◆ **Records for the exercise**
**********
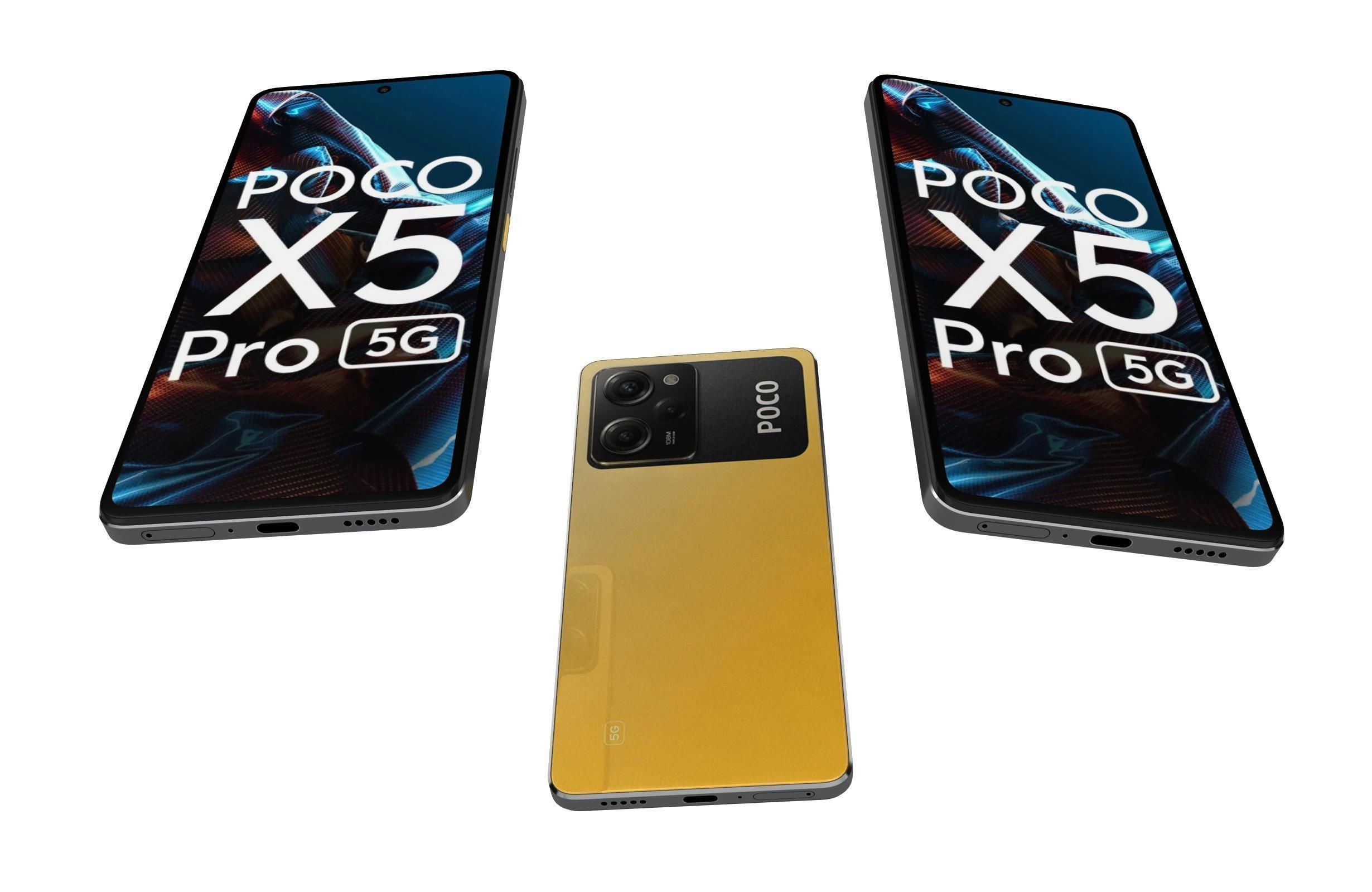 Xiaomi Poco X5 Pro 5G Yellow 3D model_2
**********
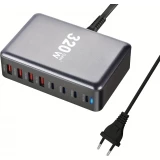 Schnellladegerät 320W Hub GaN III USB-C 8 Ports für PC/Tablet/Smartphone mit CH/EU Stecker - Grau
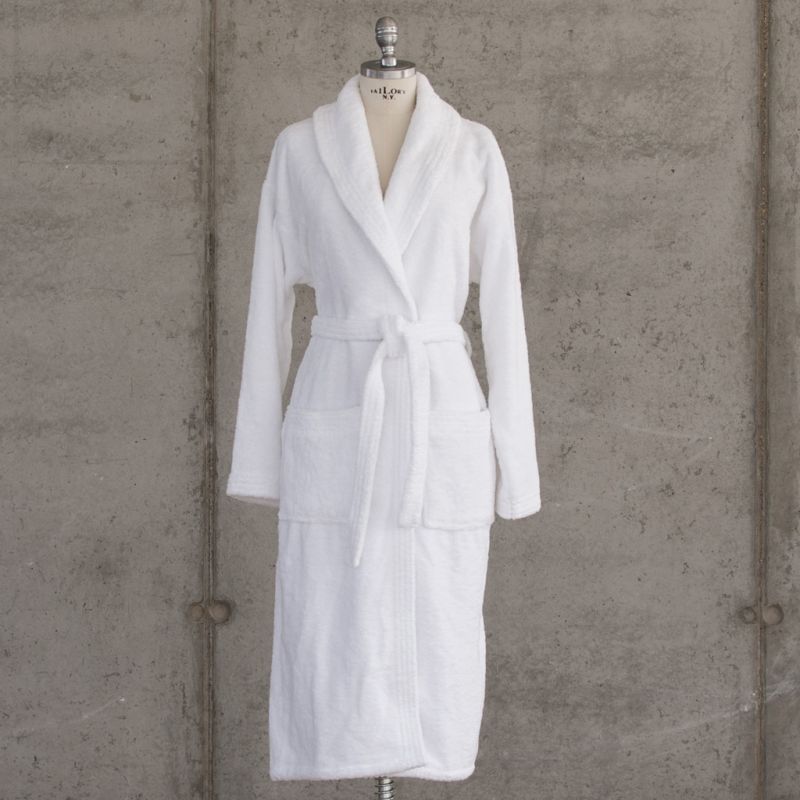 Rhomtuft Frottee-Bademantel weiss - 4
**********
◆ **Directions**
The answer must be the lines above from the one containing "Schnellladegerät 320W Hub" through the one containing "Rhomtuft Frottee-Bademantel weiss - 4", reproduced exactly, with no pictures and nothing else.

◆ **Task output**
 Schnellladegerät 320W Hub GaN III USB-C 8 Ports für PC/Tablet/Smartphone mit CH/EU Stecker - Grau
 Rhomtuft Frottee-Bademantel weiss - 4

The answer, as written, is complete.